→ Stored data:
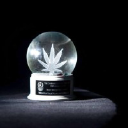 cannabisbusinessawards.com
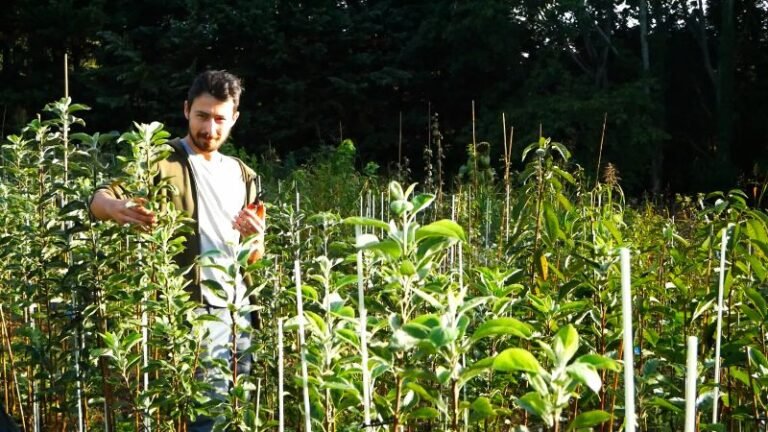pépinière d'arbres fruitiers en dordogne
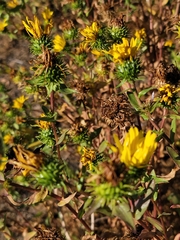 Grindelia integrifolia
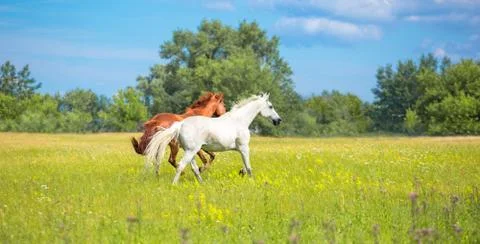 Two horses Stock Photos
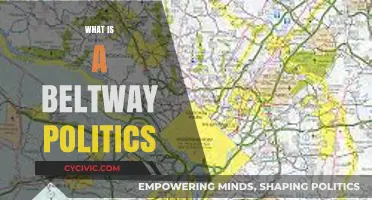 Understanding Beltway Politics: Insider Dynamics Shaping National Policy Decisions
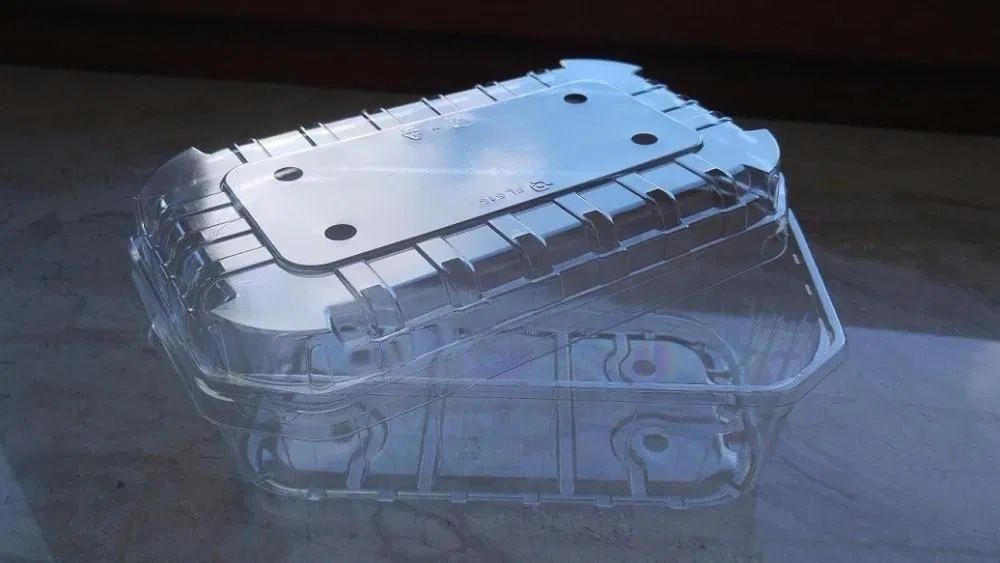 Pojemniki 1000g na owoce, grzyby 1kg, opakowania, punets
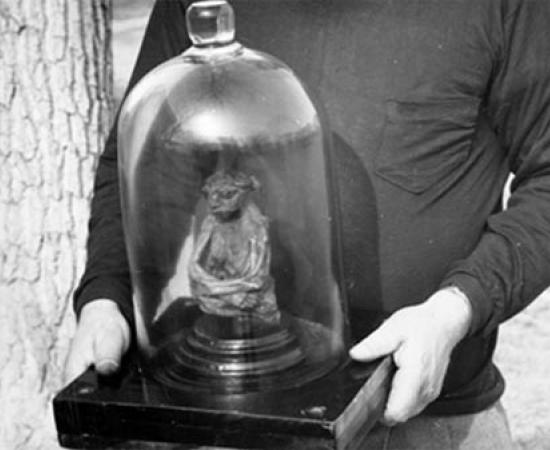 The San Pedro Mountains Mummy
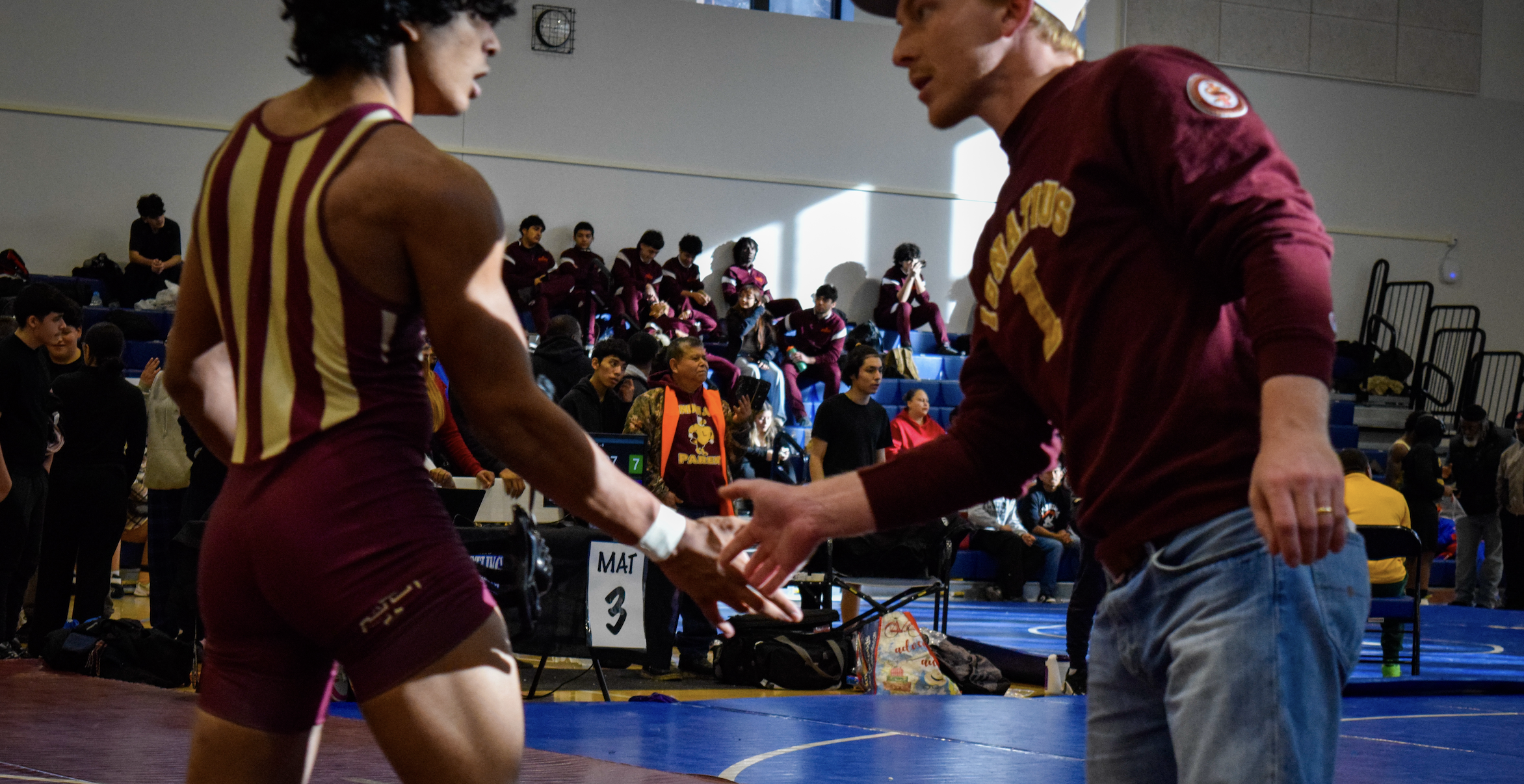 F1-Style Steering Wheel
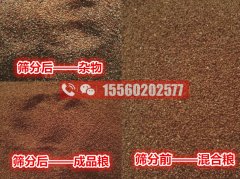 清除海藻籽里面的小石子用啥機器比較好？海藻籽篩分機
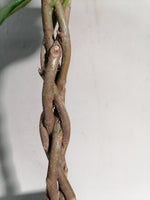 Load image into Gallery viewer, Ficus Benjamina braided
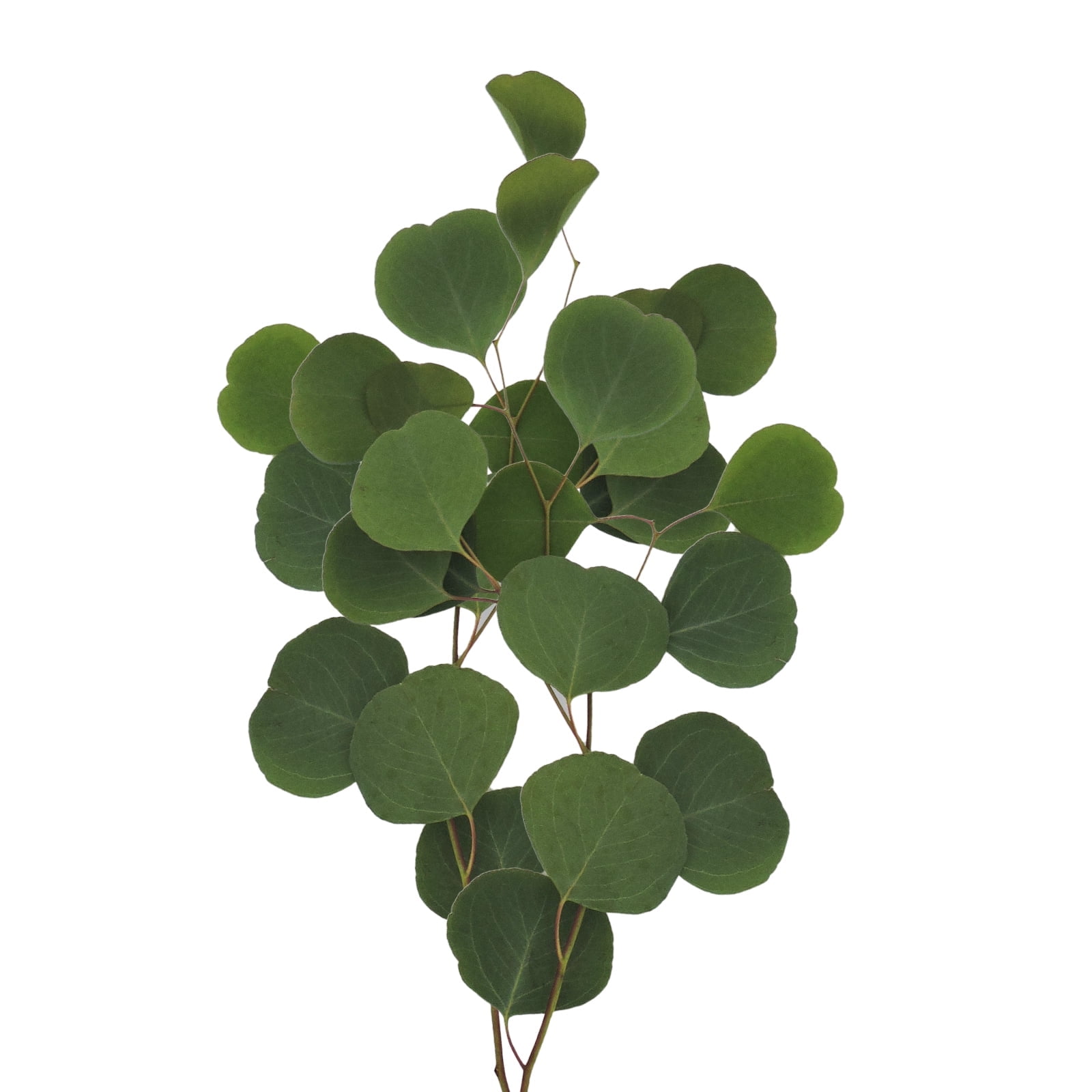 Bloomigmore, Farm Direct Fresh Cut Flowers , Silver Dollar Eucalyptus - 40 Stems
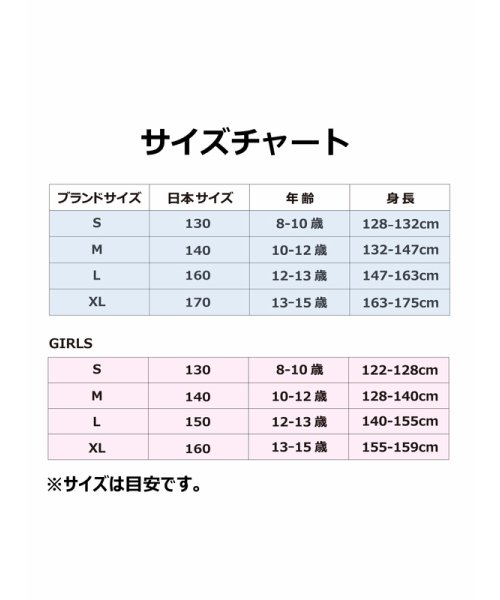 Jordan(ジョーダン)/ジュニア(140－170cm) ショートパンツ JORDAN(ジョーダン) JDN AIR DIAMOND SHORT/img01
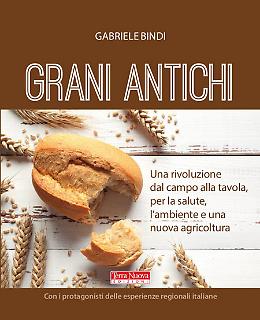 Grani antichi. Una rivoluzione dal campo alla tavola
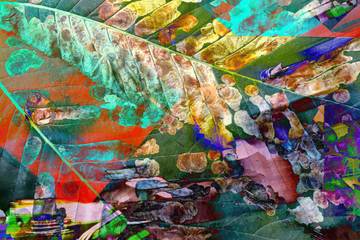 Obrazy na Szkle  wielokrotna ekspozycja naturalny efekt liści kasztanowca na tle tekstury techno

→ Task objective:
Transcribe the entries above exactly, from their first line through the line with "Grani antichi. Una", and omit all pictures.

→ Result of this task:
 cannabisbusinessawards.com
pépinière d'arbres fruitiers en dordogne
 Grindelia integrifolia
 Two horses Stock Photos
 Understanding Beltway Politics: Insider Dynamics Shaping National Policy Decisions
 Pojemniki 1000g na owoce, grzyby 1kg, opakowania, punets
 The San Pedro Mountains Mummy
 F1-Style Steering Wheel
 清除海藻籽里面的小石子用啥機器比較好？海藻籽篩分機
 Load image into Gallery viewer, Ficus Benjamina braided
 Bloomigmore, Farm Direct Fresh Cut Flowers , Silver Dollar Eucalyptus - 40 Stems
 Jordan(ジョーダン)/ジュニア(140－170cm) ショートパンツ JORDAN(ジョーダン) JDN AIR DIAMOND SHORT/img01
 Grani antichi. Una rivoluzione dal campo alla tavola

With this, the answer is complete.